The rise in corporate concentration has also mirrored the continued decline of labour share globally, which is down from 57 per cent in 2000 to 53 per cent today. As the authors put it: “The declining labour share and the rising profits of [multinationals] point to the key role of large corporations dominating international activities . . . [and] driving up global functional income inequality”.

This divide has had particularly pernicious effects in commodities markets. Despite a softening in demand, many commodity prices have not returned to pre-pandemic levels. Fuel and agricultural commodities in particular are still elevated, leading to food insecurity for millions.

Financialisation plays a key role in this. “The growing importance of financial activities as part of the business model of companies has become an amplifier of their power,” says Richard Kozul-Wright, director of Unctad’s globalisation and development strategies division, “creating many more chokepoints that can be used to extend the bottom line.”

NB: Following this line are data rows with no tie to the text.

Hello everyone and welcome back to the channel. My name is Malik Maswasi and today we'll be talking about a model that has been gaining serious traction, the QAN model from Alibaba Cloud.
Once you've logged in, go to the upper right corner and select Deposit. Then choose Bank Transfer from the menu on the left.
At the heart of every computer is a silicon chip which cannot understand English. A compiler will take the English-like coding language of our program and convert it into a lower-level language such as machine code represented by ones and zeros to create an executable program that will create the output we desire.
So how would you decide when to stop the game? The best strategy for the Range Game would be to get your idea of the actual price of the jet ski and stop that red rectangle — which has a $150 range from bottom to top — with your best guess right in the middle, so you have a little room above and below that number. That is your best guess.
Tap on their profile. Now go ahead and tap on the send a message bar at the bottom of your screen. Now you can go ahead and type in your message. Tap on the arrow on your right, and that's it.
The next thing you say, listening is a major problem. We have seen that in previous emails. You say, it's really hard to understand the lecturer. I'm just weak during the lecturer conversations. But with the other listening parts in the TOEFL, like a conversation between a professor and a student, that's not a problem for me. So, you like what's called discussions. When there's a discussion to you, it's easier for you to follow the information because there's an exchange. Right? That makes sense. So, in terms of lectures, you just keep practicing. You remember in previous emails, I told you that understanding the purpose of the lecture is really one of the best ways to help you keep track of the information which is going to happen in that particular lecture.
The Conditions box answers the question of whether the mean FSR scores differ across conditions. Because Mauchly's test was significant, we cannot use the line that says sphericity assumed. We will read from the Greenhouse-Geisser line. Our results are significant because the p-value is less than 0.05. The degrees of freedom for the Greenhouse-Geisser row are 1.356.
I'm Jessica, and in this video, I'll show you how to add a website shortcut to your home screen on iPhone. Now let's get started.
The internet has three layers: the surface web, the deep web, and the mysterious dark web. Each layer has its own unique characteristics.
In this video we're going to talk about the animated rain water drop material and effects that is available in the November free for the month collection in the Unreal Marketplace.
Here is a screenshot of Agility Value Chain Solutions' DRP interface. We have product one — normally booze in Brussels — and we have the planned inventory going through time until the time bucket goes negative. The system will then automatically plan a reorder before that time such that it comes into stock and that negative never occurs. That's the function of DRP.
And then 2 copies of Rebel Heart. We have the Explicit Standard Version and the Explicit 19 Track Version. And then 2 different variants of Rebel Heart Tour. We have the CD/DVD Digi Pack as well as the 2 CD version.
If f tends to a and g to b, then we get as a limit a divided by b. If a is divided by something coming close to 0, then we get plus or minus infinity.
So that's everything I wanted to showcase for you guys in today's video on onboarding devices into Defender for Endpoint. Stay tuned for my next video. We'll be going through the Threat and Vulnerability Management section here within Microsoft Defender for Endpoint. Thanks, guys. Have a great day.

According to the report’s authors, “unregulated activity within the commodities sector contributes to speculative price increases and market instability” that has exacerbated the global food crisis. They go so far as to blame corporate price gouging for a large chunk of high food prices. “Profiteering from financial activities now drives profits in the global food trading sector.”

Indeed, a vicious cycle has emerged between higher energy and food production costs, reduced farm yields and higher food prices. Rising fertiliser prices mean farmers use less of them, which means lower yields and higher inflation. The snowball cycle of higher prices is exacerbated by higher interest rates, which raise the cost of all inputs.

And yet, in the middle of rising prices, big commodity trading companies have enjoyed record profits. In July 2023, Oxfam estimated that 18 large global food and beverage companies had made windfall profits of $14bn in the previous two years.

How much of that is due to price gouging? It is impossible to know, but one Allianz report estimated that 20 per cent of food inflation was down to profiteering. Another study from Greenpeace found that the 10 leading momentum-driven hedge funds made $1.9bn trading on food prices in the first three months of 2022 as the war in Ukraine began.

Unctad finds correlation, though no causation, between corporate profiteering, the use of financial instruments and food volatility. Showing causal results is difficult, partly because hedging is part of the business model of commodity companies, but also due to opacity in the sector. Only eight out of the top 15 food trading companies are publicly traded.

Still, there’s a strong link between historic profits at the top four food traders — ADM, Bunge, Cargill and Louis Dreyfus — and periods of price volatility. At the very least, this suggests that we need to scrutinise how commodities companies are using financial instruments to hedge their own commercial positions, versus trading designed to ride a wave of market volatility. This was something that US regulators attempted to crack down on with the 2010 Dodd-Frank Act, after the 2008 crisis. Unfortunately, their efforts were diluted, thanks in large part to lobbying by Big Food.

The link between corporate profits and hunger is just the most egregious example of a balance of power between capital and labour that has become dangerously out of kilter. Global strikes and antitrust action are a reaction to this, and will undoubtedly continue until the pendulum swings back, as it slowly but surely always does when economic systems become unbalanced. I expect calls to reform the global trade system, which is itself both complex and opaque, will continue, too.